L’opposante a initialement invoqué l’article 8, paragraphe 1, point b), du RMUE et l’article 8, paragraphe 4, du RMUE. Toutefois, dans ses observations du 29/02/2024, l’opposante a limité les motifs à l’article 8, paragraphe 1, point b), du RMUE, en retirant l’opposition en ce qui concerne le signe non enregistré et le nom commercial fondés sur l’article 8, paragraphe 4, du RMUE. Par conséquent, l’opposition ne sera accueillie que sur la base des marques de l’Union européenne antérieures susmentionnées.
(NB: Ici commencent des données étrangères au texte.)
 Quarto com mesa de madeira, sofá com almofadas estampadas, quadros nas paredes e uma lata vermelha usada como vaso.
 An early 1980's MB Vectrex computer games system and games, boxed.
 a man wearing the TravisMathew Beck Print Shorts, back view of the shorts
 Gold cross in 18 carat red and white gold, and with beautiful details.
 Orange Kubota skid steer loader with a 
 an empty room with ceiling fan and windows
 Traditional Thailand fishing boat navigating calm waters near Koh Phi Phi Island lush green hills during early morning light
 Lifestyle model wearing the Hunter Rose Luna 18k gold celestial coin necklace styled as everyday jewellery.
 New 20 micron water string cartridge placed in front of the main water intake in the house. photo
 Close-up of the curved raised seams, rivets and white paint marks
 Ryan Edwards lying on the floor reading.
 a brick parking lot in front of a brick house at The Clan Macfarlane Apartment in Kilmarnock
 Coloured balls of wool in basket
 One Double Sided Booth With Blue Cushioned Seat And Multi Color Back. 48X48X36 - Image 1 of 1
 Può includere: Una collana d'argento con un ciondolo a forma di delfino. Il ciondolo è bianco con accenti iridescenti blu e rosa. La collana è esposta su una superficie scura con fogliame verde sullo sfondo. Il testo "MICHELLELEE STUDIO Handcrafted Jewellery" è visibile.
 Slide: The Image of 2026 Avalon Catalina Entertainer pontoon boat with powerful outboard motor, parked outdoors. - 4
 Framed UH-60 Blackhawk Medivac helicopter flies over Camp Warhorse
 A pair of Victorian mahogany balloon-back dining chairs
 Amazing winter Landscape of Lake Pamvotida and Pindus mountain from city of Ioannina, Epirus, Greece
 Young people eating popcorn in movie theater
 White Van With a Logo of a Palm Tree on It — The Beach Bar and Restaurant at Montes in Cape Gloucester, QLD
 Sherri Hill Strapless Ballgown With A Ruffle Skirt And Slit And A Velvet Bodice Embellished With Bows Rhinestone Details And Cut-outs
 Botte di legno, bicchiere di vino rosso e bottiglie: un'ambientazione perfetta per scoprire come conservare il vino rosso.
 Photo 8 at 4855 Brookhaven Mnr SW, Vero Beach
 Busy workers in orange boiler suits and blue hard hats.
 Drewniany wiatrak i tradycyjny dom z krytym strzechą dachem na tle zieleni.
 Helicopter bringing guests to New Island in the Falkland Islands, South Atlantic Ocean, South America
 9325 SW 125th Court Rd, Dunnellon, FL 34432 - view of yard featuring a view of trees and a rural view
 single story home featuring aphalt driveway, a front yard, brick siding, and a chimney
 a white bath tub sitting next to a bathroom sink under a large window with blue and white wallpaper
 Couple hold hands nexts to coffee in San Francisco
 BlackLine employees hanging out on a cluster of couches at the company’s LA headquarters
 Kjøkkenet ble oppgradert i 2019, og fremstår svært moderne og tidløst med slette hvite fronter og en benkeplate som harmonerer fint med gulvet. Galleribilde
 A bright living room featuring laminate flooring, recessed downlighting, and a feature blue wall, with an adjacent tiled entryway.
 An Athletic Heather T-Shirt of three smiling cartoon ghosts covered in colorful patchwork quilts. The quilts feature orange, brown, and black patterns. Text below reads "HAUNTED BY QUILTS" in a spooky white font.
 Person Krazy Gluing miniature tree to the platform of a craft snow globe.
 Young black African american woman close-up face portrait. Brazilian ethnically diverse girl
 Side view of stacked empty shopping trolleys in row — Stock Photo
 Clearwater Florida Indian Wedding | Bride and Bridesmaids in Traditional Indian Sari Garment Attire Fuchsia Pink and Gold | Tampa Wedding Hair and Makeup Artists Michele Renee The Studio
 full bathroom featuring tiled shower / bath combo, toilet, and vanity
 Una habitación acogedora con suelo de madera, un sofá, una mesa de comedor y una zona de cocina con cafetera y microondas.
Risque de confusion — article 8, paragraphe 1, point b), du RMUE
Conformément à l’article 8, paragraphe 1, point b), du RMUE, il existe un risque de confusion s’il existe un risque que le public puisse croire que les produits ou services en cause, dans l’hypothèse où ils portent les marques en cause, proviennent de la m ême entreprise ou, le cas échéant, d’entreprises liées économiquement. L’existence d’un risque de confusion dépend de l’appréciation, lors d’une évaluation globale, de plusieurs facteurs interdépendants. Ces facteurs incluent la similitude des signes, la s imilitude des produits et services, le caractère distinctif de la marque antérieure, les éléments distinctifs et dominants des signes en conflit et le public pertinent.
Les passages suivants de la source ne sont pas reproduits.